— Ты, Ефросеньюшка-Фрося, сзади-то за водой от коренного-то берега далеко в голомя не убегай. Мористее, ясно дело, рыбы богаче, да падет-то вода восемь часов, воно куда за восемь часов уйти можно, а подняться успеват за три. Как покатится на прибыль — не убежишь!
Только позавидничала, видно, баба… Выкинуло потом в заплесток, неподалеку от утопленницы, пинагоров связку, на похоронный обед пригодились, да бахилы Сусаннины…
«Хороша была жёнка Фрося. Наверно, когда все кругом затопило, может, на каком-то большом камню уж и к смерти приготовилась, сняла она, видно, бахилы, прихватила их к пинагорьей ноше да так все увязала, чтобы песок в бахилы не набился, чтобы не заякорило где посереди берега, а в заплесток выкинуло. С разумом баба была, до последнего с разумом. А что позавидничала да далеко ее в голомя за пинагорами увело, дак кто на ее месте не позавидничал-то бы: кроме своего — детских четыре рта. Знал бы кто, до чего голод их доводил! С чужа подумать тошно. Забрела как-то на поветь, где на жерди бычья шкура старая висела, столь стара — совсем закостенела, сломишь, но не согнешь. Гляжу, и сердце от Фроськиной беды зашлось: половина шкуры по кусочкам выпилена, съели… А того, сколь широка обсушка берега быват, и местной-то человек не всегда вообразит: новой раз на карбасе обсохнешь столь далеко — коренного высокого берега не видно…»

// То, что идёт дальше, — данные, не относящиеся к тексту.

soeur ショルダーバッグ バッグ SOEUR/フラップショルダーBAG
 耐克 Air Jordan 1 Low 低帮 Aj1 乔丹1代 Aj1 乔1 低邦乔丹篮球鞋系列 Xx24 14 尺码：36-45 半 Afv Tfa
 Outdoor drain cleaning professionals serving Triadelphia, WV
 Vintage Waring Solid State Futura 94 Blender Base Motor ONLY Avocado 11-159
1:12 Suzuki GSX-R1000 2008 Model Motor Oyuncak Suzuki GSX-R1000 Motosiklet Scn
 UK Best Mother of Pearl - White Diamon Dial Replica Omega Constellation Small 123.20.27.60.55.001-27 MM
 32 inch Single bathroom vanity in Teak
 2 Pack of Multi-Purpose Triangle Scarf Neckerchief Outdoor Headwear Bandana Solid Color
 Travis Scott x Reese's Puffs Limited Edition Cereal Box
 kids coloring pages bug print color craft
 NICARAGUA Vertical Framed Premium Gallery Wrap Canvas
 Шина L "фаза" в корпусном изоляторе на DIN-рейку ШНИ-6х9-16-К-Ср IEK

Осталась после Ефросиньи за старшую в их семье дочи Катюха. Девка-невеста, глядеть любо, и крута — дело по дому в руках кипит. Но сумей-ко с тремя-то младшими… Да и то сказать, народ переселенцы — не из здешней жизни. «У нас женщины не косют, мужчины косют, а женщины сгребать только выходют». И дрова пилить-колоть— дело для них не бабье. А что на веслах в карбасах сидеть не умели, так это и вовсе понятно — не везде же бабы по-лошадиному ломят, не везде мужичьё только путины и знат… Каково-то было Катюхе: выделила ей бригада сенокосная на первых порах пай — ноль целых три десятых. По ее уменью. Не столько обидно, сколько стыдно — ребятишки одиннадцати годов по целому паю зарабатывают… Однако в середине лета приехала домой в баню мыться — радехонька: не только пай, но еще и с двумя десятыми отвалила бригада Катюхе-мордовке! Вся деревня глядела да радовалась: боева девка!
Вот и пришло той боевой извещенье: по первопутку топать в верховья Мезени на лесозаготовки. Взвыла: «Семья ведь! С кем малых-то оставлю?!» Однако повестку слезой не перешибешь… Катюха понимала это и не только выла. Осенью всех своих, даже самую малую выгнала на колхозные работы — картошку копать. И бригадирша-полевод в ту осень хотела было пожалиться председателю: мол, кроты все крайнее поле изрыли да картошки много в норы сносили. Но передумала. Зато потом, когда Катьку в лес все-таки угонили, младшие стали ходить-бегать на поля и до самых морозов «кротов копали» — полное подкроватье натаскали…
Правда, ребятишки просказались Сусанне, что встретилась им как-то бригадирша и крепко-накрепко велела не показывать никому, в каких норах картошку берут…
Насчет же того, с кем младшие останутся, и не спрашивали. В сельсовете сказали прямо:
— Бабка есть!
А бабка-то, Сусанна Карушкова, еще летом после похорон Ефросиньи-постойщицы совсем сдала. Единственное место, куда хватало у нее натуры дойти, — это почта. И надеялась она, и не надеялась: не прилетит ли весточка… Ведь похоронная-то бумага на старшего сына была, а от второго-то, Пашеньки, ни похоронки, ни извещенья какого: сгинул — и все тут. В сорок первом — письмо последнее, шесть годов… Но сколь ни тяжко было иной раз старыми костями скрипеть — не случилось ни разу до понешной немочи, чтобы она почту у дороги не встретила.
Война, слава богу, кончилась. Пришло время: одна матерь из Крутой Дресвы на могилы к своим срядилась да укатила. Махала деревня с угорышка вслед счастливой путешественнице и говорила как-то удивительно:
— Во город во Мгу поехала…
— Во Мгу-у…
Запомнилось с первого раза это странное наименование, потому что соседнюю деревню почти так же грустно звали — Мгла.